ぱにっく82!さらば月陽学園!中編!
大河は食堂にいた。というか、死んでいた。
隣には関西姉妹がいる。
真っ白に燃え尽きた大河を脇目に、昼食に選んだカツサンドを頬張っていた。
学食は常に賑やかだ。
虎鉄も神戸に賑やかに話しかけていた。
神戸は適当に相槌を打っている。話どころじゃなかったからだろう。
関西姉妹は大河がこうなった事情を知らない。
恥夜はせめてもと思ったのか、生徒に知らせることは止めた。
なので、関西姉妹は大河のこうなった事情を知らないのだ。
つまり、関西姉妹からすれば『明日は雪が降る』と言った感じに捉えているだろう。
元気が取り柄の大河が、まるで余命一時間と宣告された患者のように暗くなっているのだから。
「どないしたん、大河?」
口の回りにソースとキャベツを付けながら、虎鉄は聞いてきた。
神戸はテーブルに置いてあったおしぼりを取り、虎鉄の口の回りを掃除してあげた。
「……」
返事がない。
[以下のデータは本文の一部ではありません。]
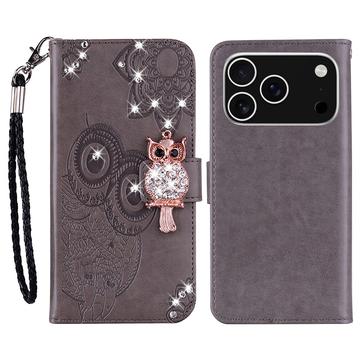 iPhone 17 Pro Owl Rhinestone Wallet Case - Grey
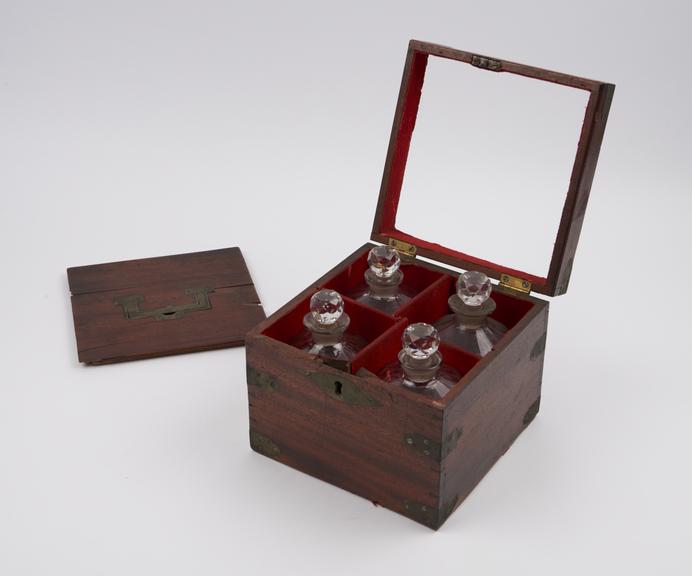 Brass bound mahogany medicine chest with sunk brass handle in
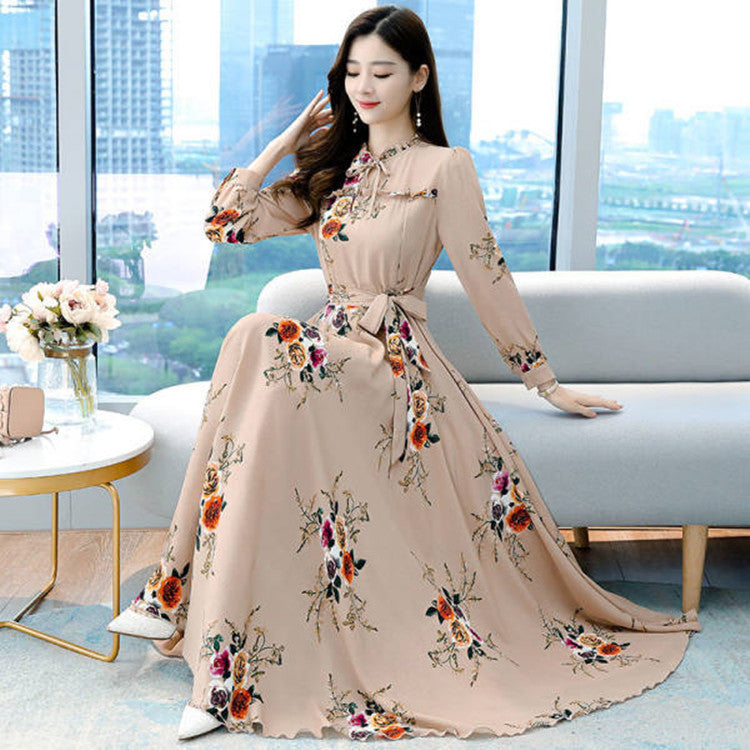 Waist Slimming Printed Dress - WOMONA.COM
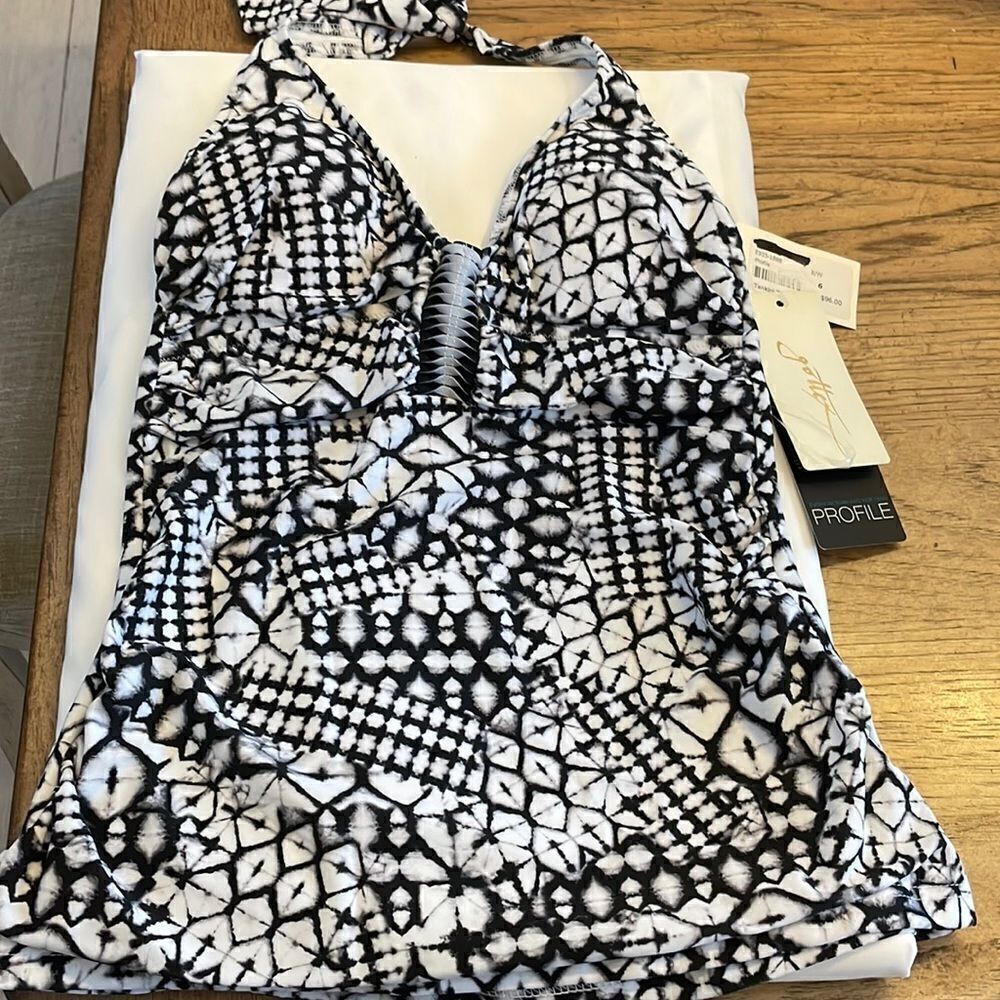 GOTTEX PROFILE BLACK. WHITE, GREY TANKINI HALTER TOP.  NEW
ただの乳好きのようだ。
虎鉄は首を横に傾げている。
大河――、虎鉄がそう言いかけたところで、神戸は首を横に振った。
変質者を前に母が子に、見ちゃいけません、と言っているようなものだ。
西洋学区の学園長室。
こちらは何も置かれていない殺風景な学園長室のままだ。
そこに、キャッツはいた。スコティッシュもいる。
「――そんな理由がねえ」
どうやらキャッツはスコティッシュに、大河が女子校にいる理由を話したようだ。
「そうですわ! だから、大河がここに残っているのは学園長公認なんです」
うーん、と、スコティッシュは悩ましげに頷いた。
「学園長公認でもね……」
「学園長代理なら学園長の意思は受け継ぐべきだと私は思いますわ!」
キャッツに押しにスコティッシュは更に悩ましげに頷く。
キャッツは一歩も退かない感じだ。
「違うな。それは違うぞ、キャッツ」
スコティッシュは室内を時計回りに歩き始めた。
キャッツはそれを目で追う。
「それでは学園長様の真似事をしているだけに過ぎないのだよ。学園長様なら、自分とは別のやり方を望むのではないか」
「そ、そうかもしれませんけど……!」
スコティッシュは半周回ったところで足を止めた。
妹の友達を思う気持ちに情が移ったのか。
「どうしても止めたいと言うなら、放課後に本部に足を運ぶといい」
――大河君のここでの記憶が消される前に。